A orientação do Tribunal Constitucional pela substituição de métodos invasivos por alternativas menos gravosas dialoga com os direcionamentos do Conselho Nacional de Política Criminal e Penitenciária, especialmente a resolução 28/22, que estabeleceu a prioridade de uso de equipamentos eletrônicos na revista pessoal, vedando desnudamento, toque ou introdução de objetos em cavidades, uso de cães ou outros animais farejadores, bem como solicitação de agachamentos ou saltos, e atribuindo a competência à Polícia Penal. A norma prevê, inclusive, a possibilidade de revista do preso ao término da visita, operacionalizando, na prática, os arranjos conhecidos como revista invertida.

Há, na prática, inversão do foco da inspeção para aqueles citados no decisum: em vez de submeter o visitante a uma revista íntima, realiza-se um procedimento sobre o custodiado, que pode incluir inspeção do corpo, dos pertences ou da cela.

Do ponto de vista das políticas públicas penitenciárias, a revista invertida configura-se como técnica subsidiária, concebida para minimizar os impactos invasivos sobre indivíduos que, por sua condição, se encontram em situação de vulnerabilidade. A metodologia prioriza a dignidade do visitante, preservando sua intimidade e integridade física, sem prejuízo da segurança do estabelecimento prisional. Nesse sentido, a prática traduz uma racionalidade normativa que pretende conciliar a proteção de direitos fundamentais e necessidade de fiscalização institucional.

Historicamente, o sistema penitenciário brasileiro registrou diversos episódios de revista vexatória, muitas vezes acompanhados de constrangimento e humilhação para familiares da pessoa custodiada pelo Estado, especialmente crianças, adolescentes e pessoas com deficiência. O estudo "Revista vexatória: uma prática constante" (2021), conduzido por sete organizações da sociedade civil, trouxe dados relevantes sobre a realidade das revistas íntimas nas prisões brasileiras. No que se refere a crianças e adolescentes - hoje submetidos ao procedimento da revista invertida -, à época ainda passavam pela revista pessoal. Conforme síntese apresentada pelo portal Conectas Direitos Humanos (2022):

"A presença de crianças também faz parte da realidade das visitas nos presídios, pois parentes as levam para se encontrarem com pais, mães e avós que estão presos, mantendo os vínculos afetivos. Grande parte dos familiares (54,1%) afirmou que seus filhos já foram submetidos a procedimentos vexatórios e chama a atenção o fato de que, em 23,1% dos casos, não foi dado o direito do responsável estar presente. Assim, a revista foi realizada por agentes prisionais sem acompanhamento."

A adoção da revista invertida surge como resposta a essas práticas, funcionando como instrumento de prevenção de abusos.

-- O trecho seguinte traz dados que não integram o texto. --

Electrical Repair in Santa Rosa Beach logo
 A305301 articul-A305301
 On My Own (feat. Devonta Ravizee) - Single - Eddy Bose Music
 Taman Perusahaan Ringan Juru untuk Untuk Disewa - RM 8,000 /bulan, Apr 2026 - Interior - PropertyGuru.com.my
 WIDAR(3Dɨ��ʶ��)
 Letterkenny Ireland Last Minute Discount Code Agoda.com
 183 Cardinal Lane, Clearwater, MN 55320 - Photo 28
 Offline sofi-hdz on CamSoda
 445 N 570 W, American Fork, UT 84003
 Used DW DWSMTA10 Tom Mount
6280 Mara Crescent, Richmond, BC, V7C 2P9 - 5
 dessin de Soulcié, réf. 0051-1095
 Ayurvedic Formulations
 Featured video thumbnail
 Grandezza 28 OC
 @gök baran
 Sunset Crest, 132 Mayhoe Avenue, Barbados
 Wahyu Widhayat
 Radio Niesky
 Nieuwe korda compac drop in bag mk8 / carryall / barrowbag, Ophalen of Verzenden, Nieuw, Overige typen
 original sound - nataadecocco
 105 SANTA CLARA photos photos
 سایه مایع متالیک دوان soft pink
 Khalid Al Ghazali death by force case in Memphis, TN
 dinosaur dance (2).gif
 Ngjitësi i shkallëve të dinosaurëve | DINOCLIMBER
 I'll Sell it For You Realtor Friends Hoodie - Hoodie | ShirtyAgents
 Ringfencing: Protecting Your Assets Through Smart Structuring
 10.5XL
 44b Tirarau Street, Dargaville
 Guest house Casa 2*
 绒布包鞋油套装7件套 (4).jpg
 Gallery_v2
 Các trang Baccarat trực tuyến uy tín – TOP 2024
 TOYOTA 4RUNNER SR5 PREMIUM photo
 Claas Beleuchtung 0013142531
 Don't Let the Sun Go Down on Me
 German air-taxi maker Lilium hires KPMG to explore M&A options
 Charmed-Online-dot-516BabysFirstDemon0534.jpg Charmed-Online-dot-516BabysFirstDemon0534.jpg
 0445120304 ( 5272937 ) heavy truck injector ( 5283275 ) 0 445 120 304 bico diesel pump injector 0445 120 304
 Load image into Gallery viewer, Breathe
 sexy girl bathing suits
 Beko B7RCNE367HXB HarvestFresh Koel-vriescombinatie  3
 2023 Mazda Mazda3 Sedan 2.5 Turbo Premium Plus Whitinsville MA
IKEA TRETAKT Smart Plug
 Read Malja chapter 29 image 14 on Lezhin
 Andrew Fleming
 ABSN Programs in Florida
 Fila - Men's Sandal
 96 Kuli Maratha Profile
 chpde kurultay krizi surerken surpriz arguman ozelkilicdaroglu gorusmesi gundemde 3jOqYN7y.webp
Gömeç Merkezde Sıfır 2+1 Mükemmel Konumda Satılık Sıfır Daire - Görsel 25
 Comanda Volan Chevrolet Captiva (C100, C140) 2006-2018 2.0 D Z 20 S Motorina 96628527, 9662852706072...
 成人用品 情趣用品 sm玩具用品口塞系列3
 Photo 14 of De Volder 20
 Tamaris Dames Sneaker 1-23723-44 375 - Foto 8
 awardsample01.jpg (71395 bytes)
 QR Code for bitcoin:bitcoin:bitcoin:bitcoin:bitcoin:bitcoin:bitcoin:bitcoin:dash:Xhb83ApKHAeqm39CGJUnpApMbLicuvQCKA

Ao deslocar o foco da inspeção para o custodiado, reduz-se a incidência de procedimentos que violam padrões constitucionais de dignidade e respeito à pessoa humana.

Além de proteger visitantes vulneráveis, a revista invertida redefine o ônus da fiscalização, concentrando-o sobre aquele que permanece sob custódia do Estado. Tal rearranjo não apenas atende a princípios de proporcionalidade e razoabilidade, mas também reforça a lógica de responsabilidade institucional, ao submeter à inspeção direta o sujeito que está sob a tutela estatal, em vez de terceiros alheios e vulneráveis à execução penal. Essa técnica evidencia um alinhamento entre segurança pública e direitos fundamentais, na medida em que harmoniza controle institucional com limites éticos e legais.

A moldura normativa do instituto apoia-se na dignidade da pessoa humana (art. 1º, III, CF), proteção aos direitos fundamentais, como à intimidade, honra e imagem (art. 5º, X), vedação de provas ilícitas (art. 5º, LVI), e nos parâmetros da lei de execução penal (vigilância e disciplina compatíveis com respeito à pessoa). O Tema 998 reforça a leitura de que segurança e direitos fundamentais não são termos excludentes, mas exigem necessidade, adequação e proporcionalidade na escolha do meio de revista pelo agente.

Atualmente, tramita na Câmara dos Deputados o PL 405/25, que aguarda a designação de relator na Comissão de Constituição e Justiça e de Cidadania. Ainda em fase inicial, o projeto visa regulamentar o procedimento de revista pessoal em estabelecimentos prisionais e assemelhados, devendo, presumivelmente, dispor expressamente sobre a chamada revista invertida em relação a crianças, adolescentes e pessoas com deficiência incapazes de manifestar sua vontade.

Isto porque, sob a perspectiva de políticas públicas, a revista invertida configura-se como técnica subsidiária, com três objetivos centrais: (i) reduzir o contato invasivo com visitantes vulneráveis; (ii) desincentivar práticas humilhantes historicamente documentadas durante as visitas; e (iii) realinhar o ônus da fiscalização para aqueles que permanecem sob custódia estatal.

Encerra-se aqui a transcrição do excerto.